Aujourd’hui, l’on apprend que cinq membres de la Chabiba islamiya, établis en France, devront regagner le royaume dimanche 26 avril courant. Une décision qui intervient en coordination avec le ministère de la Justice et des Libertés et le Conseil national des Droits de l’Homme (CNDH). Dans une déclaration à Le360, leur avocat, Abdallah et El Ammari, estime que ce retour au pays fait partie de nombreuses initiatives entreprises depuis des années.
«Ces personnes, qui retourneront dimanche au Maroc, n’y avaient pas mis les pieds depuis 1985. L’Etat marocain a décidé de clore ce dossier en application du principe de prescription», souligne Me El Ammari. L’avocat insiste également sur le fait que toutes les poursuites contre les personnes concernées ont bénéficié d’une grâce royale totale, en 1994, du temps du défunt roi Hassan II.

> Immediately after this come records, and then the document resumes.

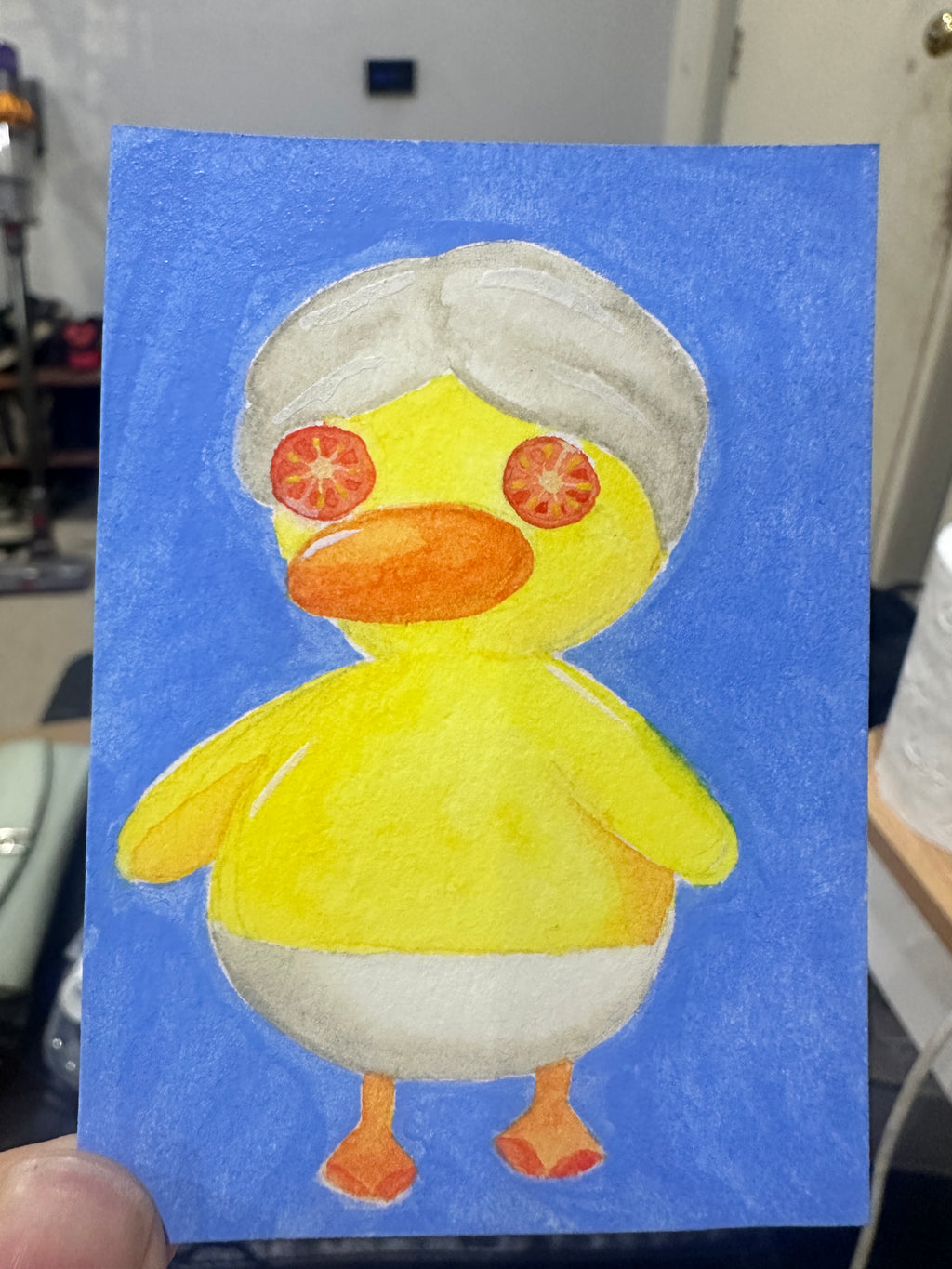 Original ACEO watercolor and gouache painting of a duck at the spa with a towel turban and tomato eye mask, alternate angle
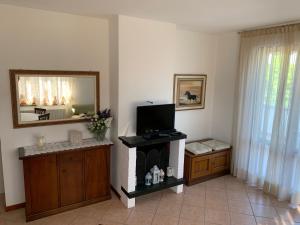 a living room with a fireplace and a mirror at Appartamento con terrazza panoramica in Forte dei Marmi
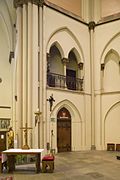 Photo de l'intérieur de la Bonifatiuskerk montrant la porte à gauche de l'autel menant vers l'entresol et son balcon visibles au-dessus de la porte.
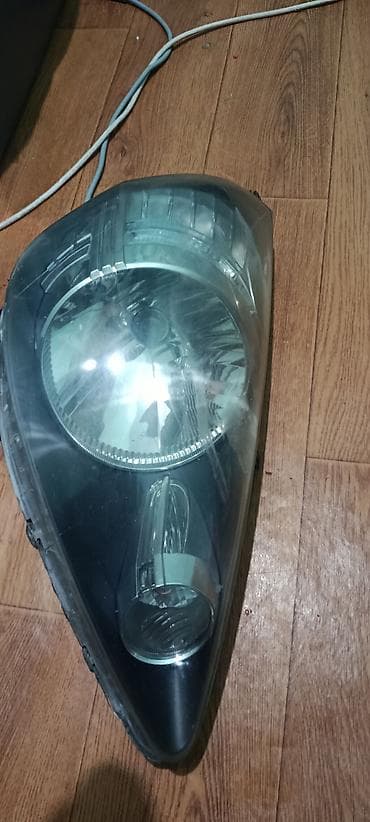 Автокосметика: Передняя левая фара Toyota Оригинал — 1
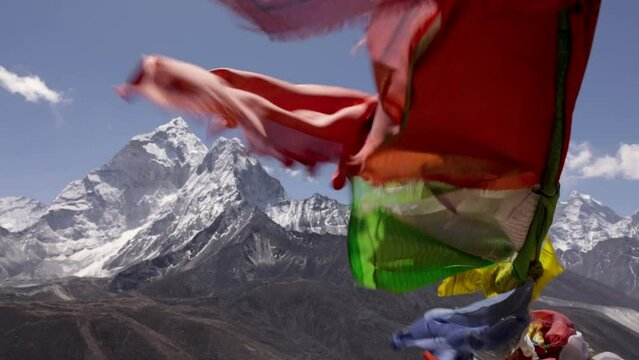 prayer flags in high wind in nepal mountains mount everest base camp trek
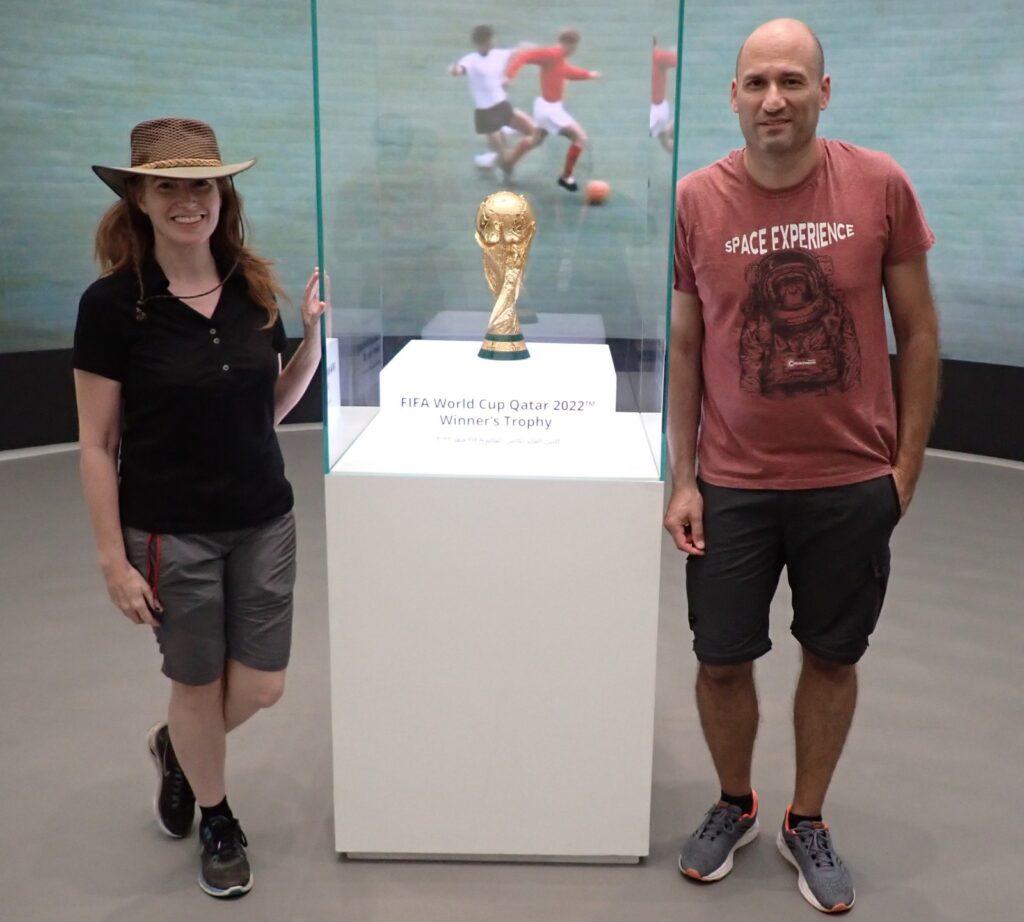 The running giner in Qatar for the FIFA World Cup 2022. With the real FIFA football trophy, in an exhibition.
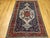 "Early 20th Century Vintage Persian Bakhtiari Bibibaft Area Rug beautifully hand knotted by the skilled weavers of...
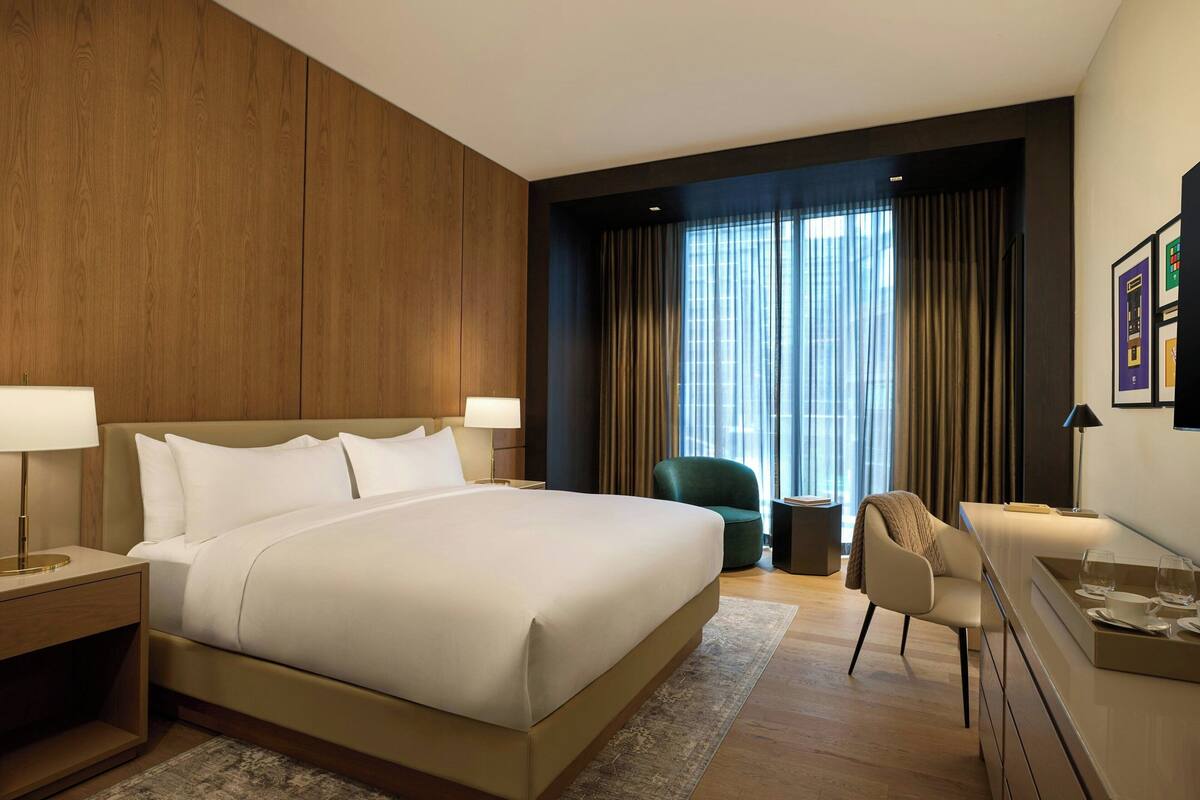 Habitación de hotel moderna con una cama grande, un escritorio, una silla y vistas a la ciudad a través de amplios ventanales.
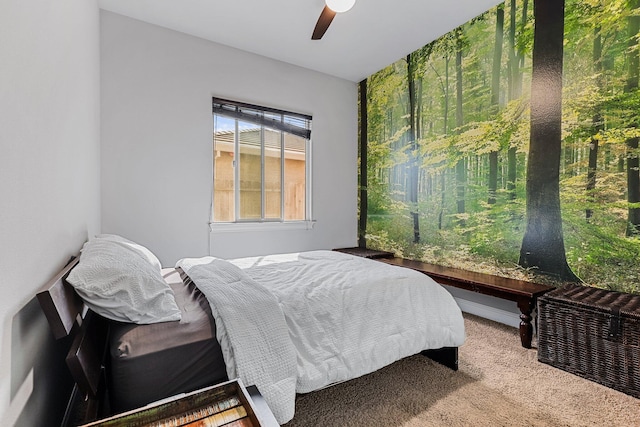 carpeted bedroom featuring a ceiling fan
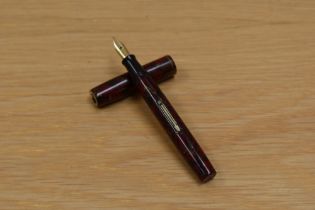 A Waterman 92 V lever fill fountain pen in red gold marble having Waterman Ideal Canada lid. Clip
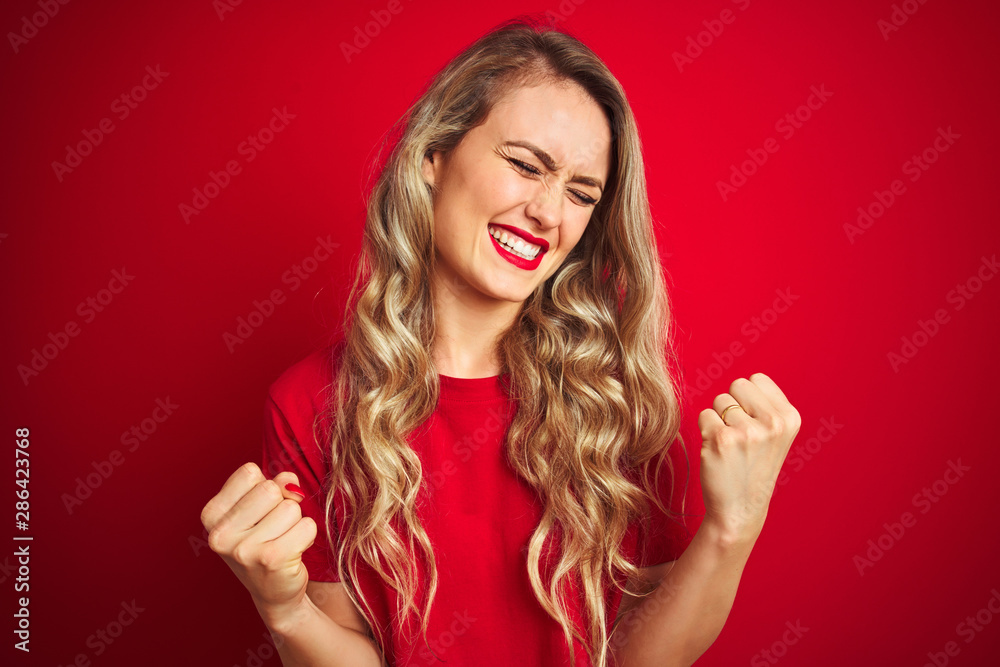 Young beautiful woman wearing basic t-shirt standing over red isolated background very happy and excited doing winner gesture with arms raised, smiling and screaming for success. Celebration concept. Young beautiful woman wearing basic t-shirt standing over red isolated background very happy and excited doing winner gesture with arms raised, smiling and screaming for success. Celebration concept.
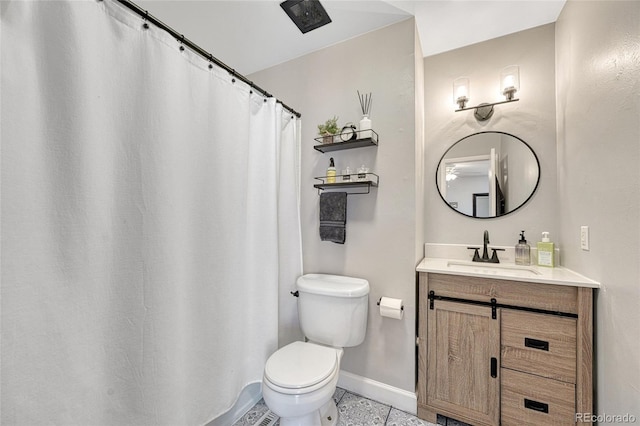 bathroom featuring baseboards, toilet, vanity, and tile patterned floors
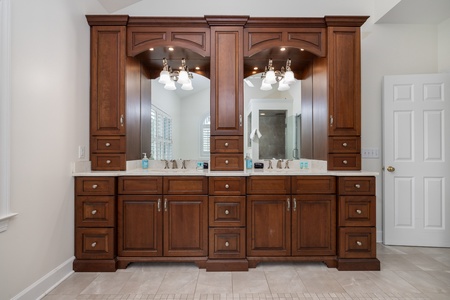 Beautiful dual vanity with rich wood cabinetry, elegant lighting, and plenty of storage to keep your morning routine seamless and stress-free.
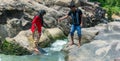 Young Indian couple in forest by the stream. Husband and wife walking on the rocks by the mountain stream. Man helping his Royalty Free Stock Photo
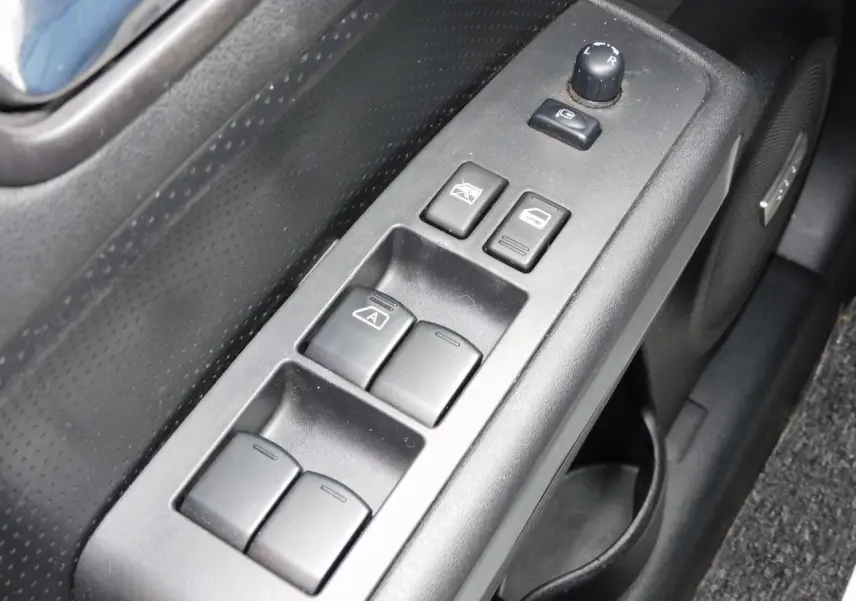 Gros plan sur la commande des vitres côté conducteur du Nissan X-TRAIL noir, avec haut-parleur Bose intégré visible.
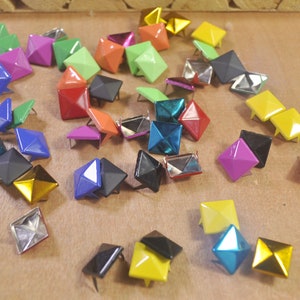 Puede incluir: Surtido de tachuelas metálicas de forma piramidal de colores con acabado brillante. Las tachuelas son de varios colores, incluyendo rojo, verde, azul, amarillo y negro.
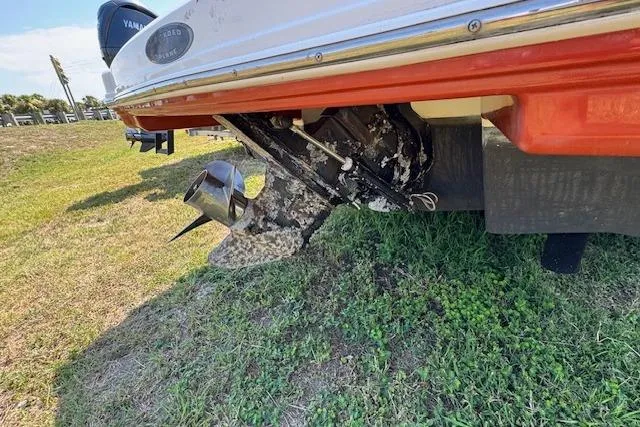 Slide: The Image of 2008 Chaparral Sunesta 224 boat with visible propeller and hull on grassy area. - 11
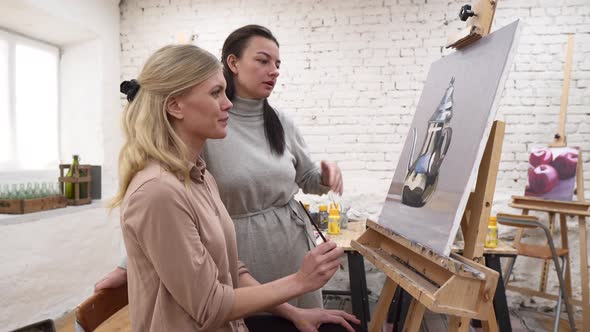 Smiling women painting during workshop in art studio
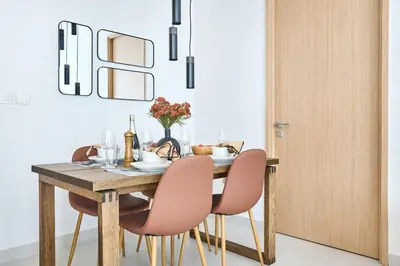 a dining room with a wooden table and chairs at Frank Porter - Vida Dubai Mall Tower 2 in Dubai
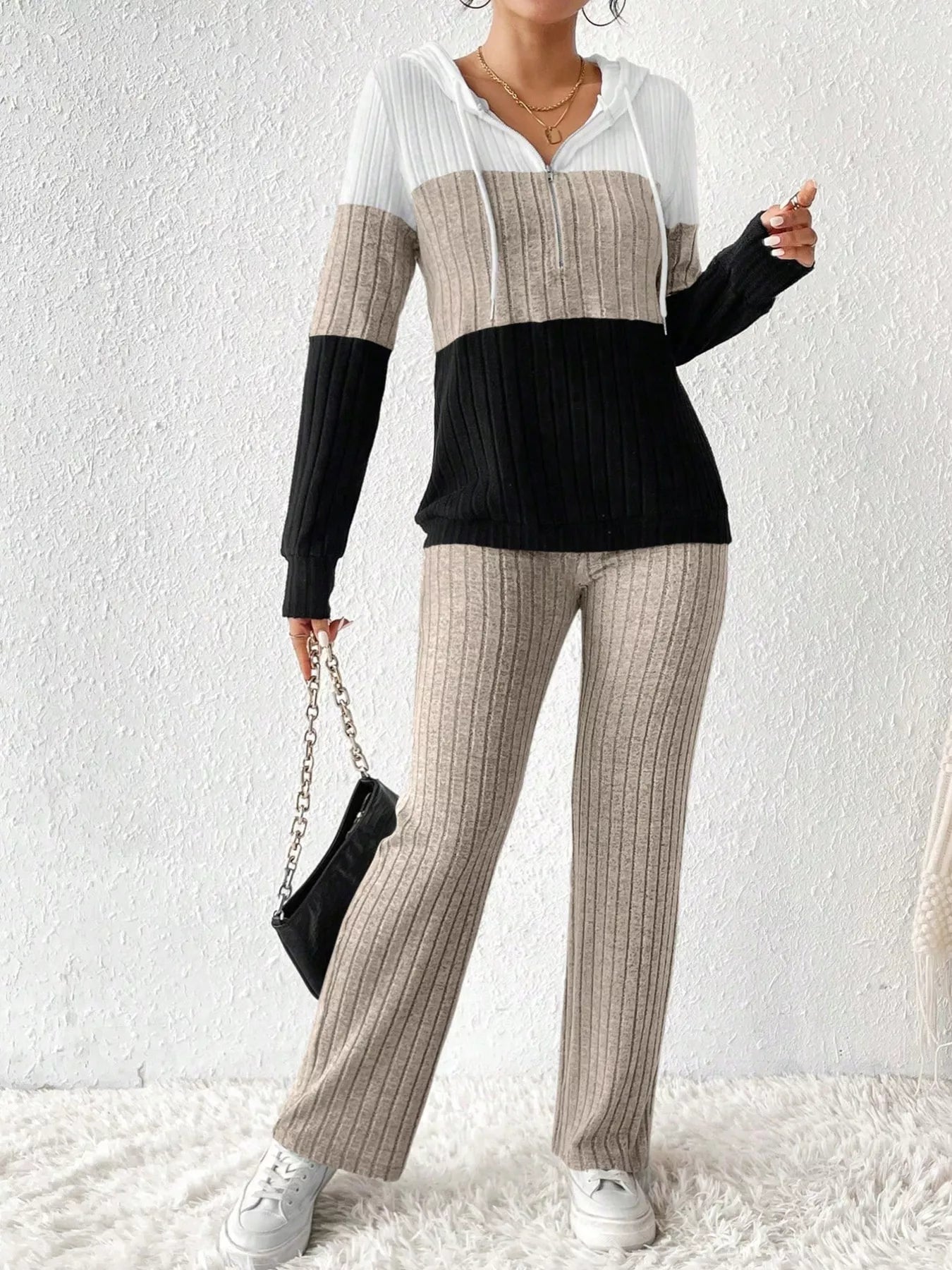 Color block half-zip hooded top and matching pants set by Trendsi, featuring bold color blocks and comfortable fit.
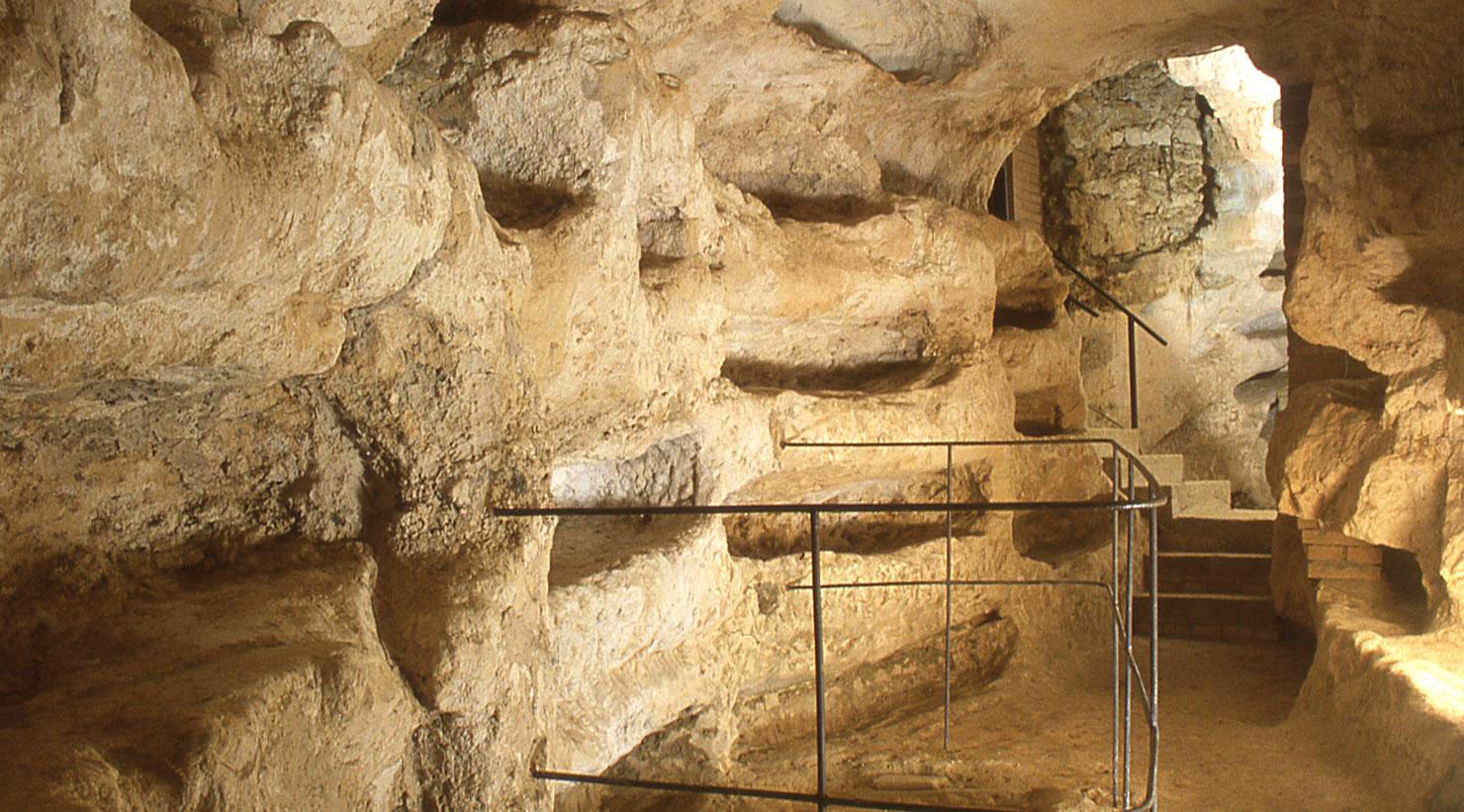 Entrance to an underground corridor of the Catacomb of Villa San Faustino. In the foreground, a narrow staircase with an iron handrail descends into a long corridor where burial niches and loculi can be observed carved into the brick and stone walls.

Rappelons que la prescription de l’action publique est de quinze ans pour les crimes et de cinq ans pour les délits.
«Le dossier de l’assassinat de Omar Benjelloun ne peut être clos»
Interpellé à la Chambre des représentants, en août 2012, sur les hommes politiques ayant été condamnés dans les années 1970, le ministre de la Justice et des Libertés, Mustapha Ramid, en a défini trois catégories. «La première, a-t-il dit, est celle des hommes politiques qui ne font l’objet d’aucune poursuite judiciaire mais qui ont préféré rester à l’étranger de leur propre gré. Le droit de retour pour cette catégorie est garanti. La deuxième concerne les politiciens qui ont été amnistiés en 1994 et la troisième, enfin, concerne les politiques condamnés mais dont les noms ne figurent sur aucune des listes d’amnistie».
Cette déclaration laissant entendre un probable retour de Abdelkrim Moutiî avait suscité une levée de boucliers chez les USFpéistes, allant jusqu’à demander l’ouverture d’un nouveau procès pour «confronter toutes les personnes impliquées dans l’assassinat et élucider une éventuelle responsabilité de certains leaders du PJD qui étaient, au moment du crime, membres de la Chabiba Islamiya».
Contacté par Le360, Abdelhamid Jmahri, membre du Bureau politique de l’USFP, estime qu’il s’agit d’un «assassinat politique» ne pouvant bénéficier de prescription. «Le dossier de l’assassinat de Omar Benjelloun ne peut être clos tant que les auteurs de ce meurtre sont en vie, et certains ayant des accointances avec les meurtriers gèrent aujourd’hui les affaires de l’Etat», déplore Jmahri. Il estime par ailleurs que «la réconciliation ne peut aboutir que si la lumière est faite entièrement sur le meurtre de Omar Benjelloun».